In its continuing profile of potential VP selections the New York Times has featured Kansas Governor Kathleen Sebelius. She is from a family steeped in politics, and married into a family with a strong (Republican) tradition. She is an interesting potential candidate, winning handily in Republican Kansas, and then governing in a real bi-partisan fashion. From the Times:
The daughter of a former Democratic governor and congressman, she married the son of a six-term Republican congressman. Running for re-election in 2006, she upended expectations by announcing that her running mate would be a former Kansas Republican chairman. In a state where registered Republicans outnumber Democrats by about 330,000, she then won with 58 percent of the vote, becoming the first Kansas Democrat in 24 years to gain re-election to the governorship.
She has governed from the center, and in cooperation with moderate Republicans in the Kansas legislature.
She and moderate Republicans in the overwhelmingly Republican Legislature have worked together under pressure from the courts to resolve a school financing crisis. She has also earned points as fiscally responsible: Facing a budget shortfall at the onset of her first term, she imposed broad efficiency measures that, by her office’s measure, saved $1 billion.
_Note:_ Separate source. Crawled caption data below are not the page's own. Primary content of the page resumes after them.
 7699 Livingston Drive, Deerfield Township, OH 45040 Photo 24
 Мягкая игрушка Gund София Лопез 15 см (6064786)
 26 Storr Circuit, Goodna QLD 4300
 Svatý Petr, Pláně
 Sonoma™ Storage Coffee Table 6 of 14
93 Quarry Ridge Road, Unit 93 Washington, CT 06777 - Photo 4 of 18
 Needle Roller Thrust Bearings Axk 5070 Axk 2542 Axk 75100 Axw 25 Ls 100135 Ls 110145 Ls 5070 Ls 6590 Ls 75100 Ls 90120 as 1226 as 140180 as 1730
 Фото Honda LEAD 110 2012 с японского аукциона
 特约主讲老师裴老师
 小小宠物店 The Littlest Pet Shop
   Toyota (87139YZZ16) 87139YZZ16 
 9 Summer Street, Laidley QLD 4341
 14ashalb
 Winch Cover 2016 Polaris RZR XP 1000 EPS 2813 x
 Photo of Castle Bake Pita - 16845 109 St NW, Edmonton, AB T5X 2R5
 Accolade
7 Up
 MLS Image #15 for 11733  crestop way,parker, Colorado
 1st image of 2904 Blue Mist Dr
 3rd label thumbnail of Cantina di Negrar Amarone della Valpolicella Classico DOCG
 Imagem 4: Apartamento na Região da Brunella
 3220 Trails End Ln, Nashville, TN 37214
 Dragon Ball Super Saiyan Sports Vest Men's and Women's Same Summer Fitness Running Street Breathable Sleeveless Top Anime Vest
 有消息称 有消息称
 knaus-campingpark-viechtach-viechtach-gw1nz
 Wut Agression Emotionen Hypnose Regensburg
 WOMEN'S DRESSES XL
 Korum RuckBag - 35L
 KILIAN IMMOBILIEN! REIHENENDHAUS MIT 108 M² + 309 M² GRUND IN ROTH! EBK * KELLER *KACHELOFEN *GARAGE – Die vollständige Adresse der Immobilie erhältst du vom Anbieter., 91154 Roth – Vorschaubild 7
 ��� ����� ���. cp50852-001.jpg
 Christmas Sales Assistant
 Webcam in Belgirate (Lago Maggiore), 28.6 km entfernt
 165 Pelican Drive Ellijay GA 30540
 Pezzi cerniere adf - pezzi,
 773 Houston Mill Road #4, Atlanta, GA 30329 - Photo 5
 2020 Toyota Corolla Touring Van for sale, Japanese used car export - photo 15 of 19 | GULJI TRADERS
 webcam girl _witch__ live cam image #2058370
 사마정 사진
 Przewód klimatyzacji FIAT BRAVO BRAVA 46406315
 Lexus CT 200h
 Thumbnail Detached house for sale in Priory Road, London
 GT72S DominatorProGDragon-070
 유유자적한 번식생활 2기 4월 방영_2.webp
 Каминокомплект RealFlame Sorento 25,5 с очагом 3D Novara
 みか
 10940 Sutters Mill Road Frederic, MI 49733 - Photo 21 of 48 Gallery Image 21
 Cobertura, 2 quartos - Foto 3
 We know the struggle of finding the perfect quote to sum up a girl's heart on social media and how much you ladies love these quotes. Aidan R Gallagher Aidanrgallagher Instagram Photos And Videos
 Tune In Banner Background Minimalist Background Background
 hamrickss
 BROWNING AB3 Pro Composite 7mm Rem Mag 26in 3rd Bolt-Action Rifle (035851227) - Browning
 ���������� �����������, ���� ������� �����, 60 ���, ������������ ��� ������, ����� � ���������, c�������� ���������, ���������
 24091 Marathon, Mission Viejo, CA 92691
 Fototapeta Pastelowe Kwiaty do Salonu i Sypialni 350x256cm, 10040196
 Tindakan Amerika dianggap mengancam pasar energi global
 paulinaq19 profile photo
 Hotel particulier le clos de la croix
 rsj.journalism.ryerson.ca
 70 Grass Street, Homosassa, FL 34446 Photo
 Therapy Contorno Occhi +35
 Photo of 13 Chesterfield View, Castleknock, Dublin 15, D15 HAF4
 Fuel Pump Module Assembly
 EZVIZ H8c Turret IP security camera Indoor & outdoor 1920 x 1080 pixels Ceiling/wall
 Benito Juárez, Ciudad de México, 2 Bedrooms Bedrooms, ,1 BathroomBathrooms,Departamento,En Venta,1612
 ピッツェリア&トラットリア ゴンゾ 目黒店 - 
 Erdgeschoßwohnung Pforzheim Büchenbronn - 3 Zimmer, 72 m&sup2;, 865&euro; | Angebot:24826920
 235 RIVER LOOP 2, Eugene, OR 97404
Among other steps, she called for what was apparently the first accounting of the number of cars in the state fleet, then sold hundreds of them.
And since we have been talking about energy on this blog I can’t resist adding this from her story in the Times:
She has vetoed two coal-fired power plants in southwestern Kansas, making her a darling of environmentalists. (She has pledged to draw 10 percent of the state’s energy from alternative sources, particularly wind, by 2010.)
Sebelius has much working against her selection, including the fact that she would not be able to deliver her state for Obama, and her selection could infuriate many Hillary Clinton supporters. Regardless of her fortunes in the VEEP selection process she is someone to watch for a prominent position in a potential Obama cabinet if he passes her over for V.P.
Read the Times story here.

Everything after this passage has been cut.